● Exercise: Print each entry again exactly as written, and keep the pictures out.
== Entries supplied ==
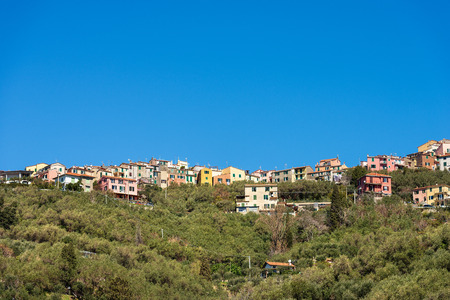 La Serra - Small village on the hills in the municipality of Lerici overlooking the gulf of La...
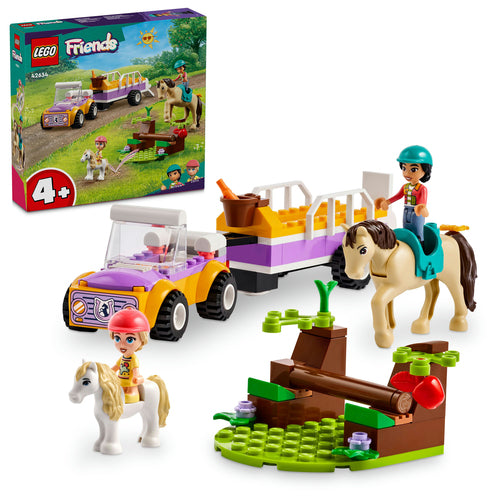 42634 LEGO Friends Rimorchio con cavallo e pony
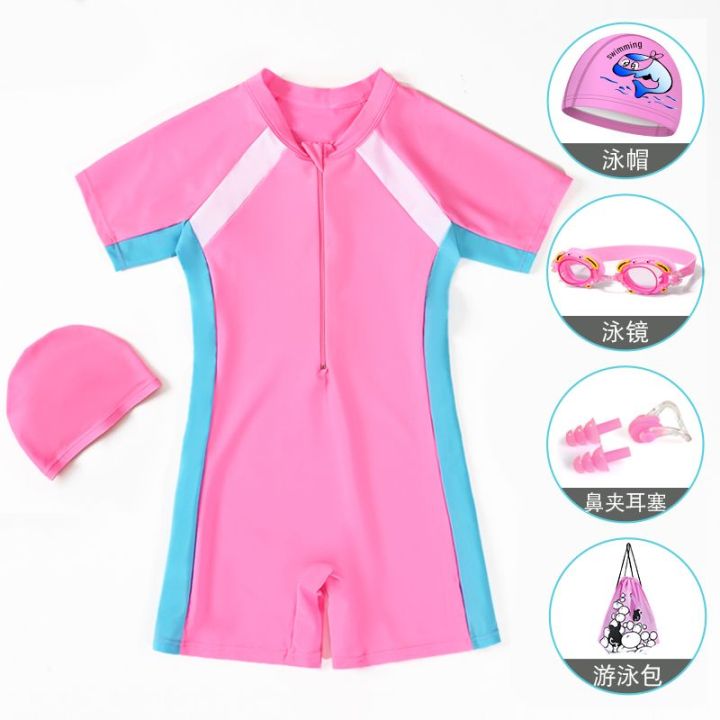 Swimming%20Swimwear%20Children's%20Sun%20Protection%20One-Piece%20Swimsuit%20Quick-Drying%20T-shirt%20One-Piece%20Rounded%20Swimsuit%20Hot%20Spring%20Bathing%20Suit%20-%20Image%209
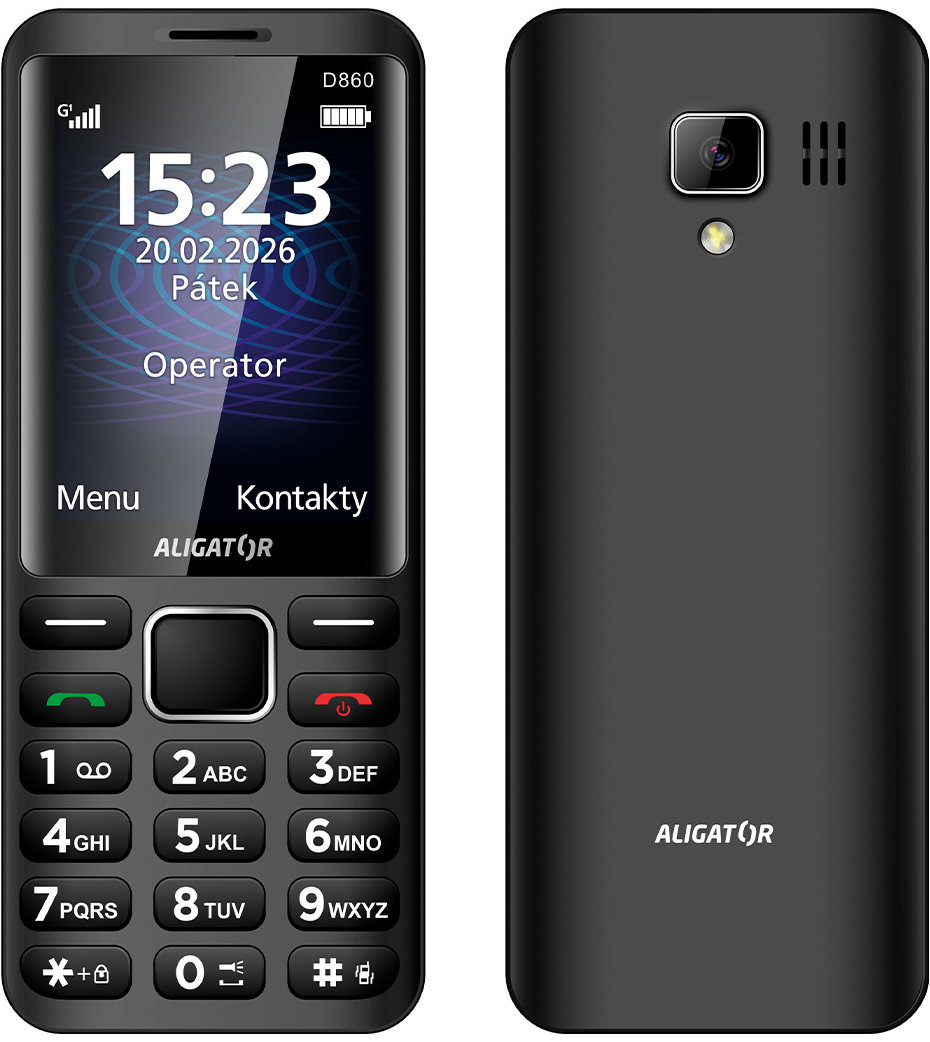 Aligator D860 Dual SIM čierny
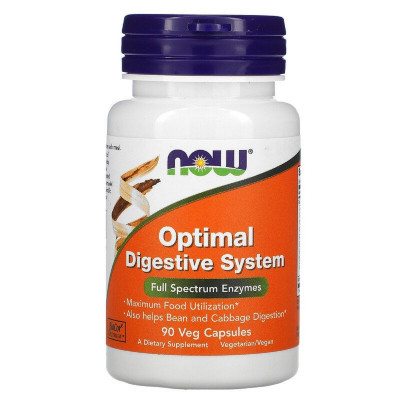 Вітамінно-мінеральний комплекс Now Foods Травні ферменти Optimal Digestive System, 90 Вегетаріанс (NOW-02958) Вінниця - фото 1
===
● Written answer:
 La Serra - Small village on the hills in the municipality of Lerici overlooking the gulf of La...
 42634 LEGO Friends Rimorchio con cavallo e pony
 Swimming%20Swimwear%20Children's%20Sun%20Protection%20One-Piece%20Swimsuit%20Quick-Drying%20T-shirt%20One-Piece%20Rounded%20Swimsuit%20Hot%20Spring%20Bathing%20Suit%20-%20Image%209
 Aligator D860 Dual SIM čierny
 Вітамінно-мінеральний комплекс Now Foods Травні ферменти Optimal Digestive System, 90 Вегетаріанс (NOW-02958) Вінниця - фото 1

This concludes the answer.